[Given material — start]

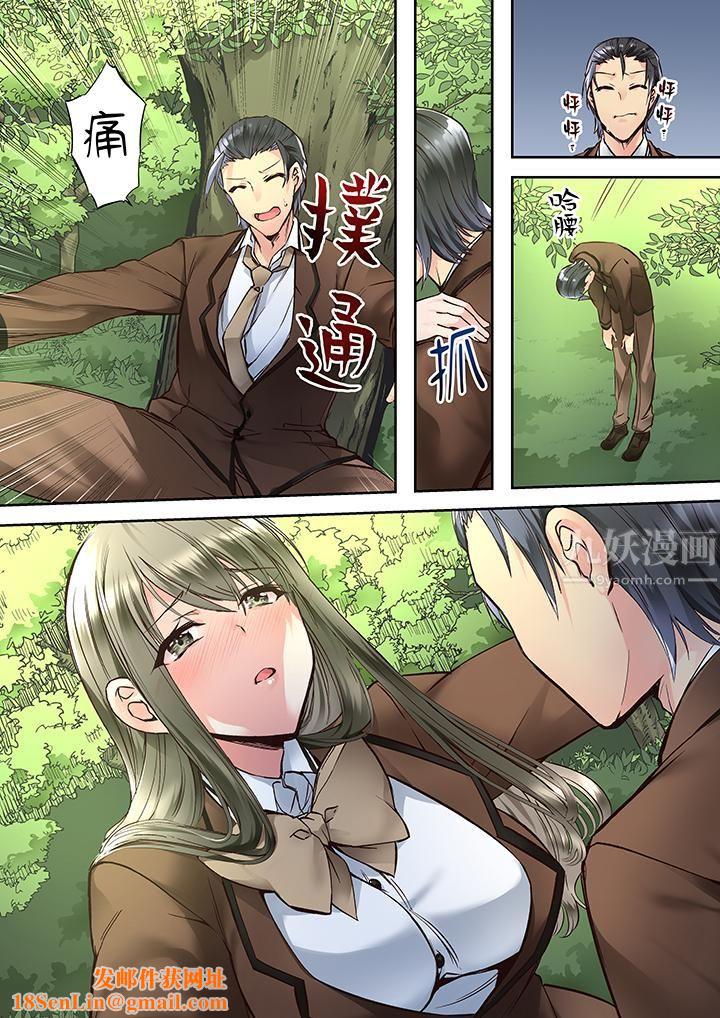 班裏的优等生，一脸淫荡地被干到高潮「妳在教室裏都能发情呢」第3话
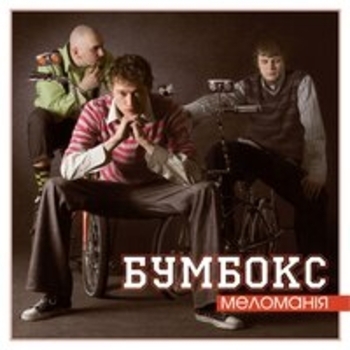Бумбокс - Рожеві сиропи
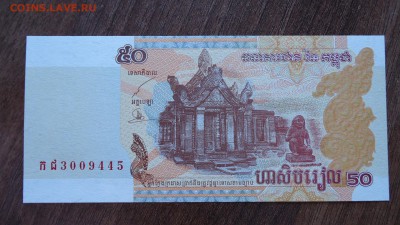 КАМБОДЖА 50 РИЭЛЬ 2002 UNC ДО 12.03 22:00 МСК - DSC03982.JPG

[Given material — finish]

## Exercise prompt
With the images omitted, return the full material exactly.

## Response to this task
 班裏的优等生，一脸淫荡地被干到高潮「妳在教室裏都能发情呢」第3话
Бумбокс - Рожеві сиропи
 КАМБОДЖА 50 РИЭЛЬ 2002 UNC ДО 12.03 22:00 МСК - DSC03982.JPG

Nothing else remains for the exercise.